C.    Komponen Sistem Pendukung Keputusan

            Secara umum Sistem Pendukung Keputusan dibangun oleh tiga komponen besar yaitu database Management, Model Base dan Software System/User Interface. Komponen SPK tersebut dapat digambarkan seperti gambar di bawah ini.

 

 


 

 

 

a. Database Management

            Merupakan subsistem data yang terorganisasi dalam suatu basis data. Data yang merupakan suatu sistem pendukung keputusan dapat berasal dari luar maupun dalam lingkungan. Untuk keperluan SPK, diperlukan data yang relevan dengan permasalahan yang hendak dipecahkan melalui simulasi.

 

b. Model Base

            Merupakan suatu model yang merepresentasikan permasalahan kedalam format kuantitatif (model matematika sebagai contohnya) sebagai dasar simulasi atau pengambilan keputusan, termasuk didalamnya tujuan dari permaslahan (objektif), komponen-komponen terkait, batasan-batasan yang ada (constraints), dan hal-hal terkait lainnya. Model Base memungkinkan pengambil keputusan menganalisa secara utuh dengan mengembangkan dan membandingkan solusi alternatif.

 

c. User Interfase / Pengelolaan Dialog

Terkadang disebut sebagai subsistem dialog, merupakan penggabungan antara dua komponen sebelumnya yaitu Database Management dan Model Base yang disatukan dalam komponen ketiga (user interface), setelah sebelumnya dipresentasikan dalam bentuk model yang dimengerti computer. User Interface menampilkan keluaran sistem bagi pemakai dan menerima masukan dari pemakai kedalam Sistem Pendukung Keputusan.

 

 

D.    Manfaat Sistem Pendukung Keputusan

SPK dapat memberikan berbagai manfaat dan keuntungan. Manfaat yang dapat diambil dari SPK adalah :

1.      SPK memperluas kemampuan pengambil keputusan dalam memproses data / informasi bagi pemakainya. 

2.      SPK membantu pengambil keputusan untuk memecahkan masalah terutama barbagai masalah yang sangat kompleks dan tidak terstruktur. 

3.      SPK dapat menghasilkan solusi dengan lebih cepat serta hasilnya dapat diandalkan. 
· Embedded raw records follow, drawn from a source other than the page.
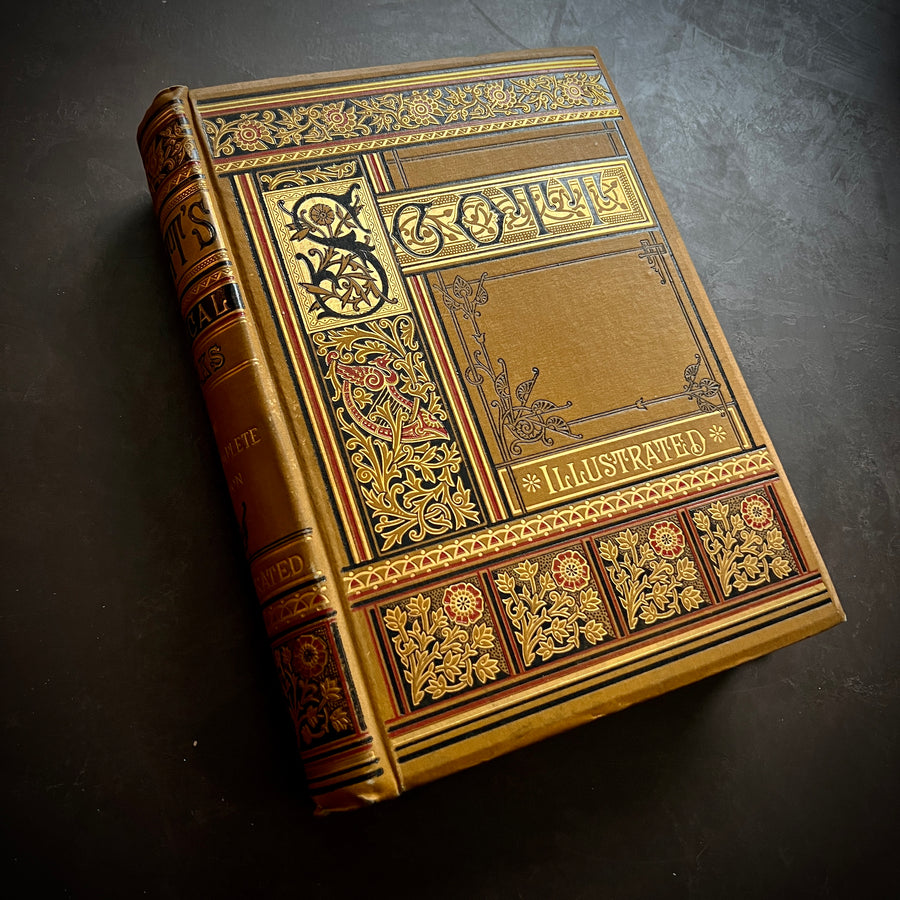c.1880s - The Poetical Works of Sir Walter Scott, Bart., With A Memoir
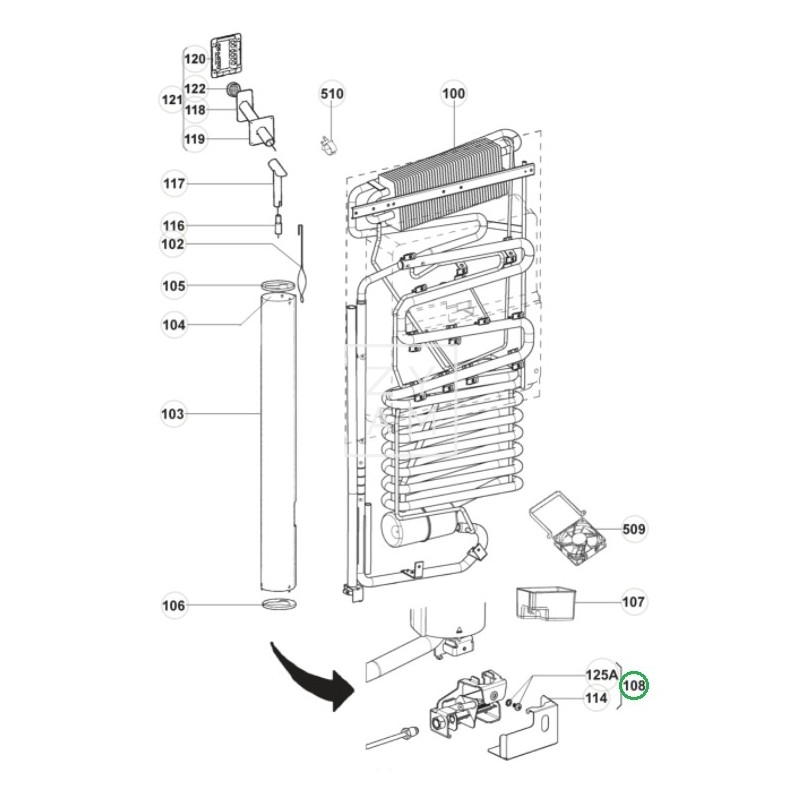 QUEMADOR KZ16 RM 8501-8555
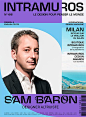 This may contain: a magazine cover with a man in a suit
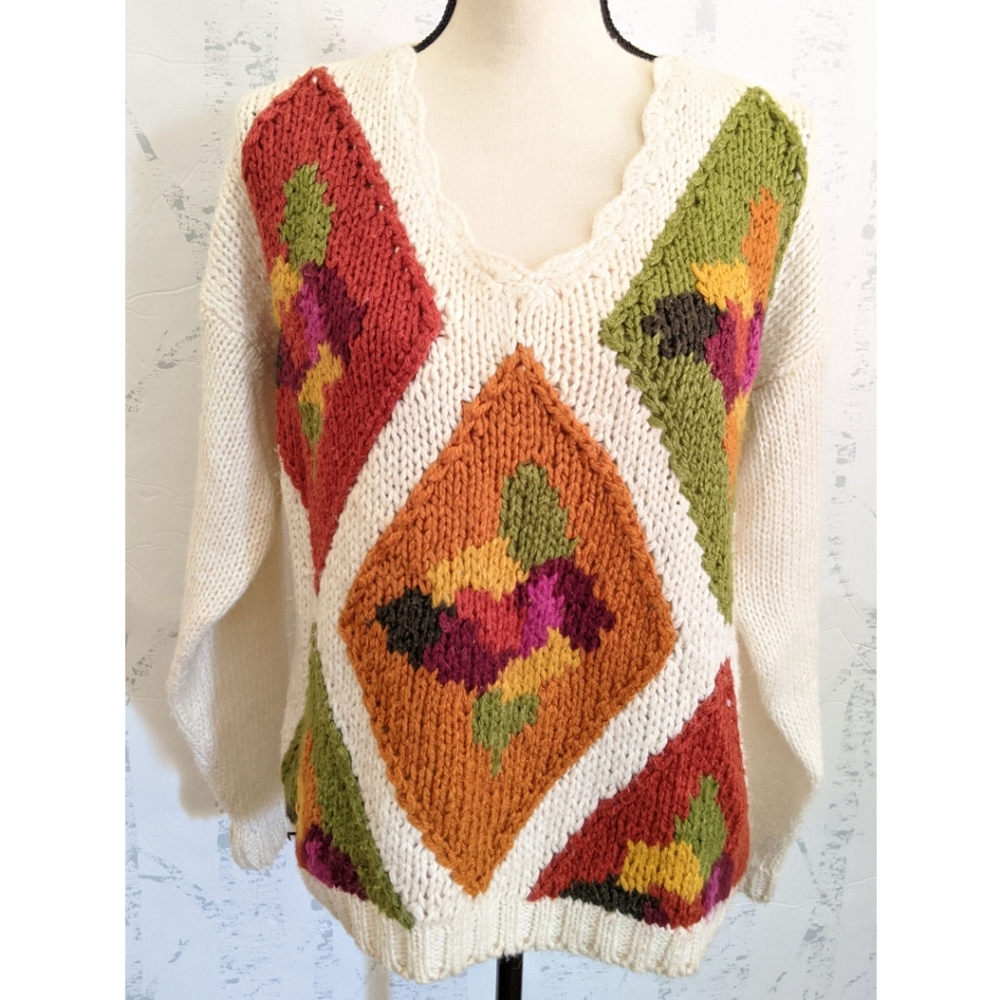 Vintage Knitted Sweater Top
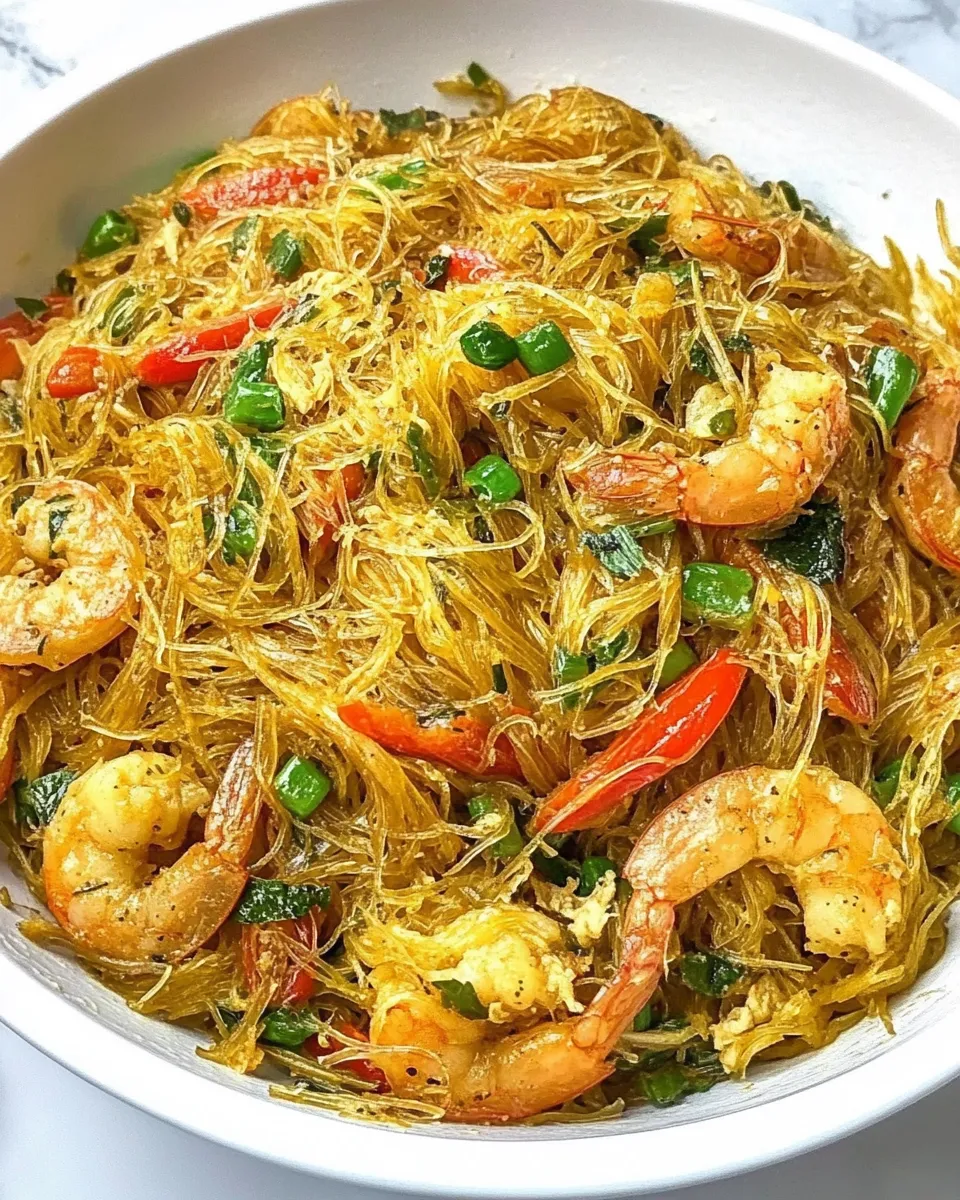 Homemade Singapore Noodles photo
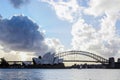 Sydney Harbour with Opera House and Bridge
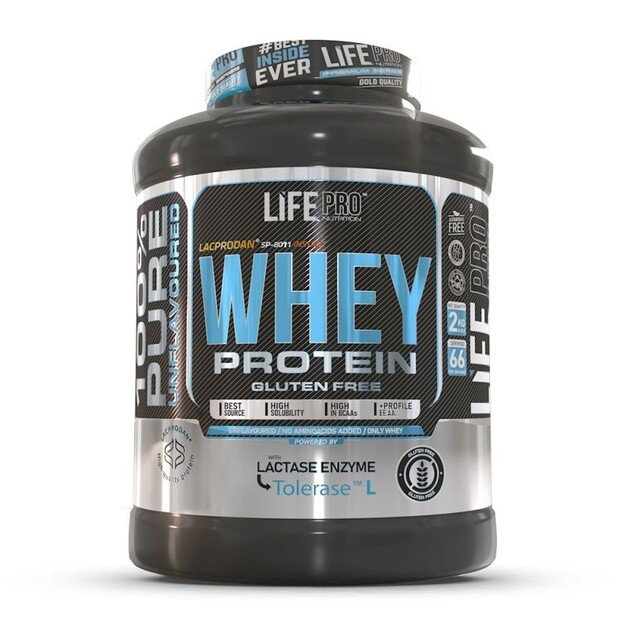 Life Pro Nutrition Whey 2kg New (be skonio-naturalus) 1 Life Pro Nutrition Whey 2kg New (be skonio-naturalus) 1
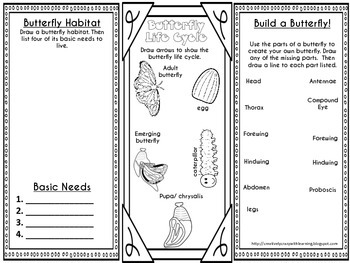 Monarch Butterfly Interactive Brochure, Research, Writing, and Technology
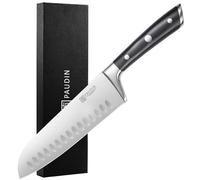 PAUDIN Santoku Couteau japonais 17 cm Couteau de cuisine professionnel en acier inoxydable à haute teneur en carbone allemand tranchant super dur durable manche ergonomique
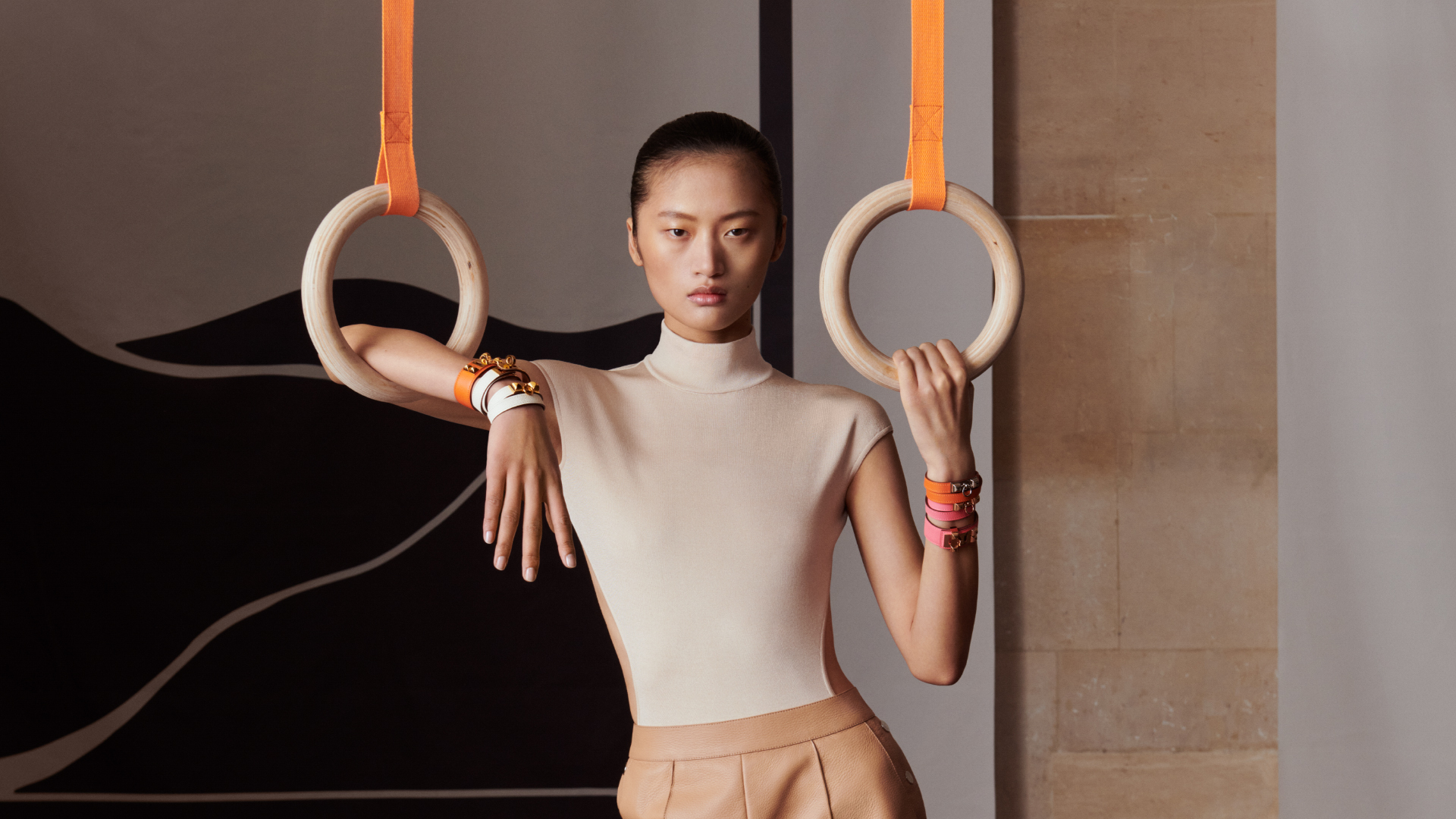 Hermès Takes On Fitness With Custom Barbells And Scarf-inspired Yoga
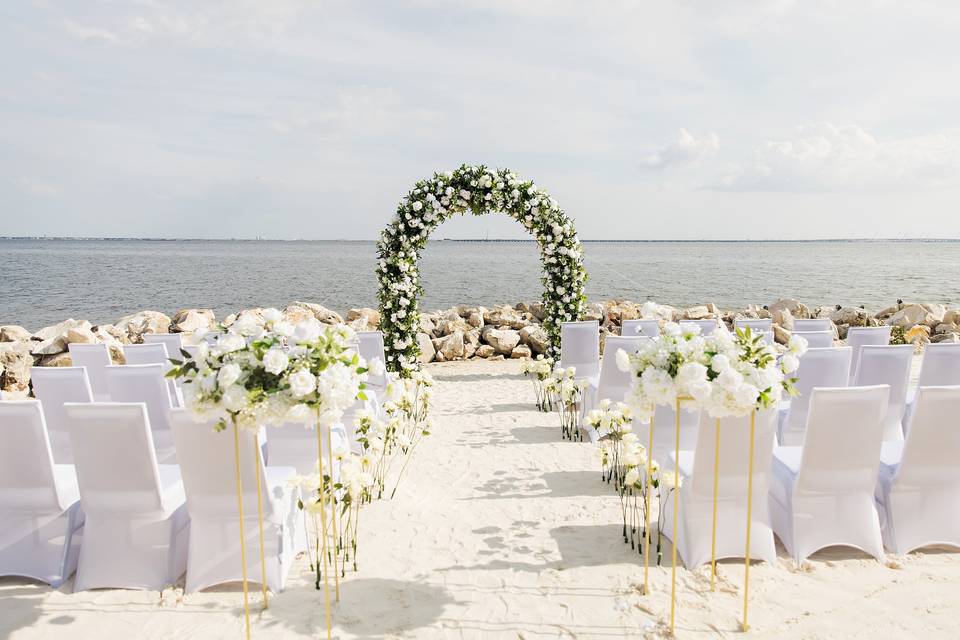 Beach ceremony space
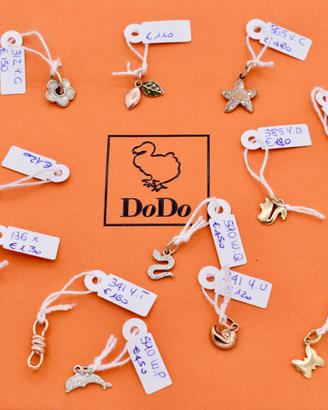 Dodo ciondolo charm oro 18 kt rosa 9 kt ciondoli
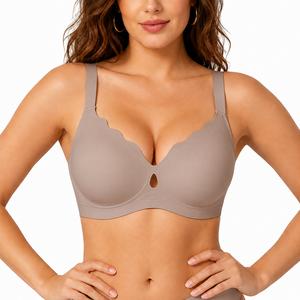 Wave Pattern Jelly Bra – Wireless Lift & Side Smoothing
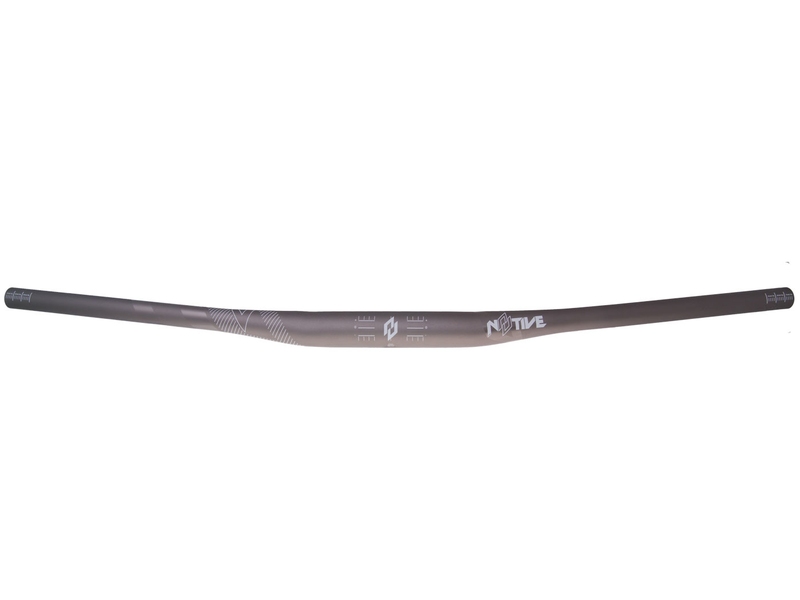 Zrcátka páčky řídítka - Řídítka n8tive AL7075 800x35, prohnutí 10 mm, 5° nahoru, 7° dozadu - šedá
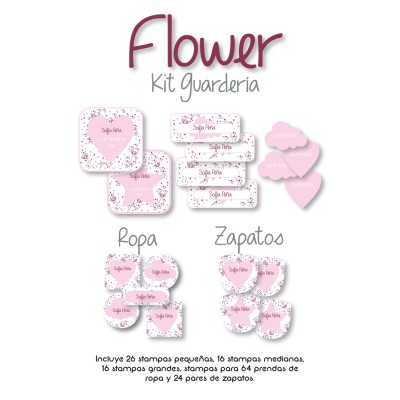 Kit Guarderia Flower Kit Guarderia Flower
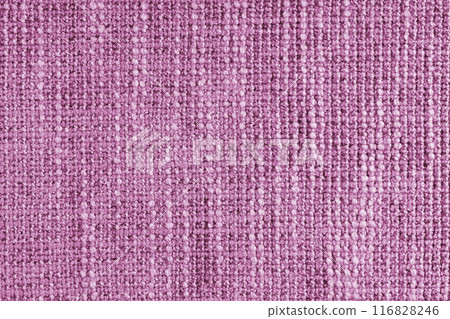 Jacquard woven coarse weave texture upholstery pink fabric. 116828246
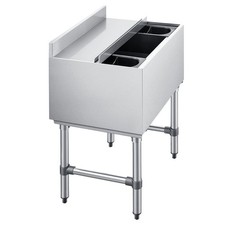 Uimoso 65.1 Qt Commercial Ice Bin with Sliding Lid, 24 x 19 in Underbar Design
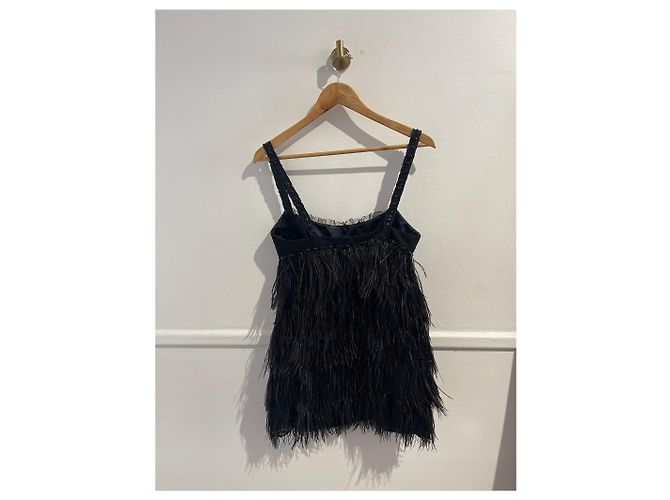 Vestido Jenny Packham negro T.38 - vista 3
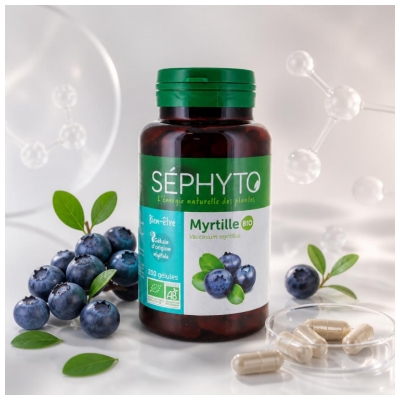Séphyto Myrtille Bio 200 Gélules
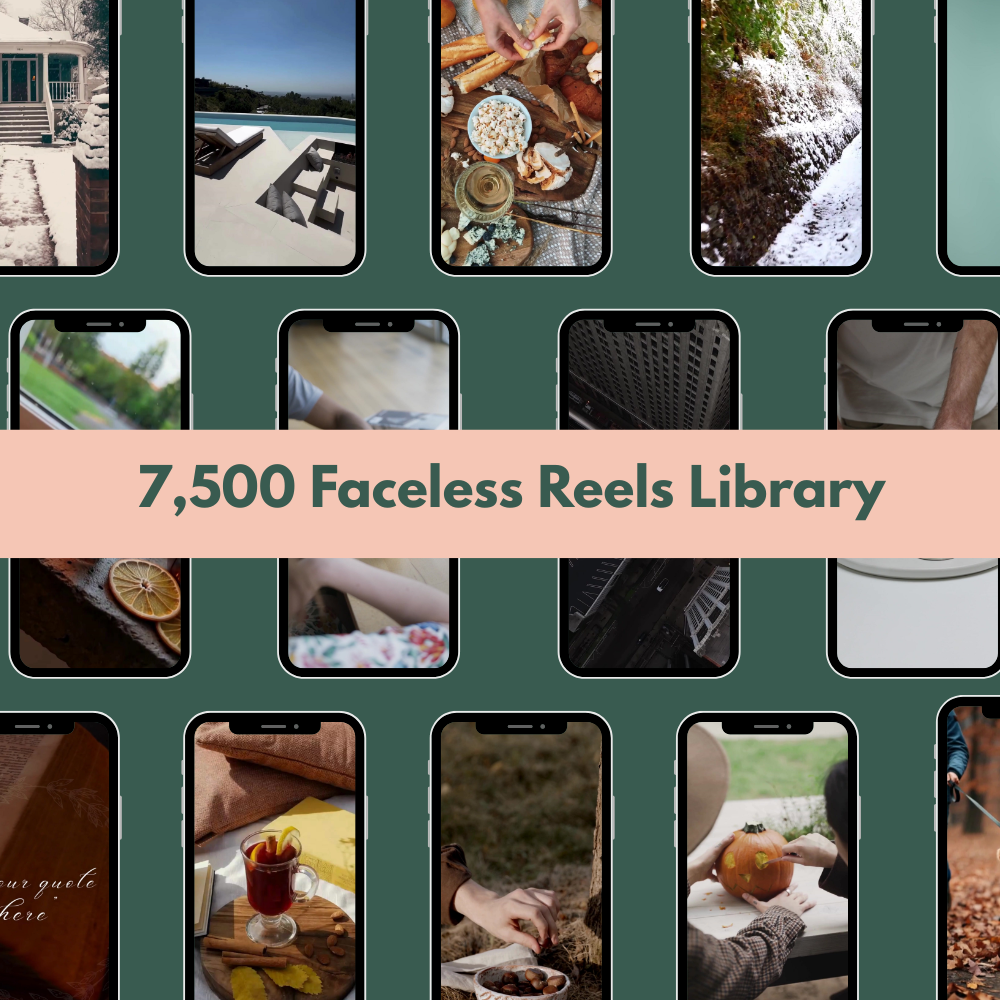 7,500 Faceless Reels Library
4.      Walaupun suatu SPK mungkin saja tidak mampu memecahkan masalah yang dihadapi oleh pengambil keputusan, namun dia dapat menjadi stimulan bagi pengambil keputusan dalam memahami persoalannya,karena mampu menyajikan berbagai alternatif pemecahan.

 

E.Contoh kasus dalam tipe-tipe proses pengambilan keputusan

Dalam sepanjang hidupnya manusia selalu dihadapkan pada pilihan-pilihan atau alternatif dan pengambilan keputusan. Hal ini sejalan dengan teori real life choice,yang menyatakan dalam kehidupan sehari-hari manusia melakukan atau membuat pilihan-pilihan di antara sejumlah alternatif. Pilihan-pilihan tersebut biasanya berkaitan dengan alternatif dalam penyelesaian masalah yakni upaya untuk menutup terjadinya kesenjangan antara keadaan saat ini dan keadaan yang diinginkan. Begitu pula dengan perusahaan. Perusahaan juga butuh mengambil keputusan-keputusan yang nantinya akan mempengaruhi perusahaan itu ke depannya. Dan tentunya dalam pengambilan keputusan, keputusan-keputusan tersebut harus dipikirkan secara matang terlebih dahulu agar tidak merugikan perusahaan tersebut dan pihak-pihak yang terkait.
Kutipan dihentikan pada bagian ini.